Out-Law Analysis | 07 Apr 2010 | 4:53 pm | 2 min. read
Yesterday's announcement of a general election next month has put this highly-controversial Bill on a fast-track process where it does not belong. It is likely to be passed tonight as part of this process which is known as 'wash up'.
'Wash up' refers to the last few days of a Parliament, after the election has been announced but before dissolution. Bills not passed before the dissolution are lost – so in the wash up period, outstanding bills that are unopposed are rushed through. It suits uncontroversial laws. It does not suit a law like the Digital Economy Bill.
Of the country's 643 MPs, just 40 turned up for yesterday's Second Reading, of whom only 10 stayed throughout proceedings, according to a critic who kept count. The whole thing was watched on Parliament Live TV and participants were silently heckled by more than 5,000 Twitter users.
The Digital Economy Bill introduces powers that may see households disconnected from the internet on accusations of file-sharing and websites blocked by British ISPs because they stand accused of copyright infringement.

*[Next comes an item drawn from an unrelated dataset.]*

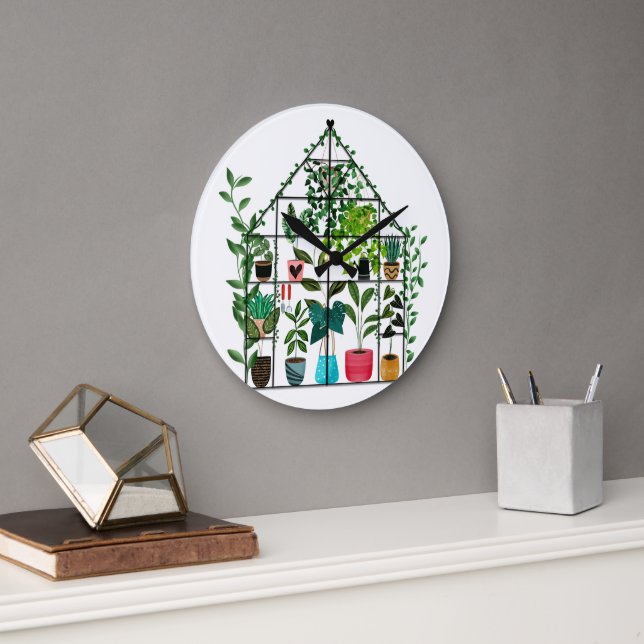 Gemütliches Gewächshaus Große Wanduhr (Büro)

Coffee shops, airports and hotels are also given reason to rethink their Wi-Fi services. "It cannot be right for us to cut off the whole of Starbucks just because one person went in for a cup of coffee and illegally shared files," observed Conservative MP John Whittingdale last night.
The arguments for and against these measures received short shrift in Parliament. It seems that passing the Bill before next month's general election has taken priority over what the thing actually says. Each party acknowledges that the Bill is being rushed yet it seems that nothing will stand in its way.
Shadow culture secretary Jeremy Hunt called the Bill "a weak, dithering and incompetent attempt to breathe life into Britain's digital economy", while shadow science and innovation minister Adam Afriyie referred to the bill as "botched legislation".
But Hunt will not oppose the Bill. He explained that if the Conservatives come to power in May, his party will fix any problems with the Bill, "if it turns out that the legislation is flawed." In wash up, he is seeking only changes to clauses on orphan works, regional broadcasting and Ofcom's powers.
The Liberal Democrats, who said last month that the Bill should be scrapped and reintroduced in the next Parliament, had just one representative at last night's debate, Don Foster.
The MP for Bath expressed concern about the technical measures that the Bill enables, i.e. the powers to disconnect users. But his solution is broadly the same as Hunt's.
"The next Parliament deserves to be given the maximum opportunity to scrutinise any such proposals," said Foster. The Lib Dems will back the Bill tonight if they can get that assurance and others (they want a planned consultation process for the site blocking measures extended to the disconnection powers; and they want extra safeguards for Wi-Fi operators).
The text of the five-hour debate (243-page PDF) makes for a disheartening read. It's like a case study in how to pass bad law in a hurry. Whatever you think of this Bill, it presents a significant change to digital rights and remedies in the UK. It deserves proper debate and proper scrutiny. It should not be passed.